Department of Health Systems Management, School of Public Health, College of Medicine and Health Sciences, Wollo University, Dessie, Amhara, Ethiopia.
BMC Health Serv Res. 2022 Feb 9;22(1):168. doi: 10.1186/s12913-022-07565-7.
The health extension program is a community-based health care delivery program with eighteen defined packages. The main aim of the health extension program is to help to reduce child mortality. So, the aim of this study is to assess the impact of a health extension program on diarrheal disease under-five children in the rural community of Kalu district, Northeast Ethiopia, 2021.
A community-based cross-sectional study design was conducted from March to April/2021. A Multi-stage sampling technique was used to get a total sample size of 556 (182 model households and 374 non-model households) with a response rate of 92.22%. Binary logistic regression analysis was done, and P-value < 0.05 was considered statistically significant. Propensity score matching analysis was used to determine the contribution of health extension program "model households" on diarrhea diseases among under-five children. The average treatment effect on the treated was calculated to compare the means of outcomes across model and non-model households.
Health extension program (HEP) model household contributed a 17.7% (t = -5.02) decrease in children's diarrheal diseases among under-five children compared with HEP non-model households. Mothers from non-model households were 2.19 times more likely to develop under-five children diarrheal diseases AOR (Adjusted Odds Ratio): 2.19, 95% CI: 1.34-3.57 than mothers from model households. Households who got no frequent home visits were 3.28 times more likely to develop under-five diarrheal diseases AOR (Adjusted Odds Ratio): 3.28, 95% CI: 1.40-7.68.
When the health extension program is implemented fully (model household), the prevalence of under-five diarrheal disease in the rural community could decrease. The need to develop supportive strategies for the sustainability of model households and encouraging households to be model households is very important.
健康拓展计划是一项以社区为基础的医疗保健服务计划,包含十八个既定方案。健康拓展计划的主要目的是帮助降低儿童死亡率。因此,本研究旨在评估健康拓展计划对埃塞俄比亚东北部卡卢区农村社区五岁以下儿童腹泻病的影响,2021 年。

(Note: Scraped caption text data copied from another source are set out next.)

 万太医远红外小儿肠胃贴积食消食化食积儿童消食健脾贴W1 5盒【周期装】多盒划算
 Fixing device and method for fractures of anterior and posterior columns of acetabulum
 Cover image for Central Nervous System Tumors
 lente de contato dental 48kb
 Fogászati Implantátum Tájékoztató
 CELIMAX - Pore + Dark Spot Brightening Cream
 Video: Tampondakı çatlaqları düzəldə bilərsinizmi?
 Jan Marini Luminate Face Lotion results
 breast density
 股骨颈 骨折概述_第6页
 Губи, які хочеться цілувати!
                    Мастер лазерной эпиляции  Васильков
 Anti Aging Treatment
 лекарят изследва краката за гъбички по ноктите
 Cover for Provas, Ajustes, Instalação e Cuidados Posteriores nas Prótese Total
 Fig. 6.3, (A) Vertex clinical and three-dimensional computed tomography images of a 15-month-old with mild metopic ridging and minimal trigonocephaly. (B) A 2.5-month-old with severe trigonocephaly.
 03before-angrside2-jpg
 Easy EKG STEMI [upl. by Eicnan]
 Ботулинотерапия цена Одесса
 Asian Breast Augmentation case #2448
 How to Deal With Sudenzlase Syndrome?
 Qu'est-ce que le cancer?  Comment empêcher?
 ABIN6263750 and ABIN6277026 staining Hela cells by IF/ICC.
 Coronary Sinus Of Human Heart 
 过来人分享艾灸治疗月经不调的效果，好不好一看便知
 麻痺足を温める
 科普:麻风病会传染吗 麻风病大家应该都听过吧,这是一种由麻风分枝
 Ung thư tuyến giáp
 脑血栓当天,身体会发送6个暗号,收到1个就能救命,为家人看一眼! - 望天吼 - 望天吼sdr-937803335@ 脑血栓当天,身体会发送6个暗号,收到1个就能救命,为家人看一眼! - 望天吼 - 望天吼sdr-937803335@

2021 年 3 月至 4 月进行了一项基于社区的横断面研究设计。采用多阶段抽样技术,共获得 556 名(182 个示范户和 374 个非示范户)总样本量,应答率为 92.22%。进行了二元逻辑回归分析,P 值<0.05 被认为具有统计学意义。采用倾向评分匹配分析确定健康拓展计划“示范户”对五岁以下儿童腹泻病的贡献。计算了处理组的平均治疗效果,以比较示范户和非示范户的结果平均值。
与健康拓展计划非示范户相比,健康拓展计划示范户的儿童腹泻病减少了 17.7%(t=-5.02)。非示范户家庭的母亲比示范户家庭的母亲更有可能使五岁以下儿童患上腹泻病,AOR(调整后的优势比)为 2.19,95%CI(置信区间)为 1.34-3.57。未频繁接受家访的家庭比接受家访的家庭更容易使五岁以下儿童患上腹泻病,AOR(调整后的优势比)为 3.28,95%CI(置信区间)为 1.40-7.68。
当健康拓展计划全面实施(示范户)时,农村社区五岁以下儿童腹泻病的患病率可能会下降。制定支持示范户可持续性的战略并鼓励家庭成为示范户非常重要。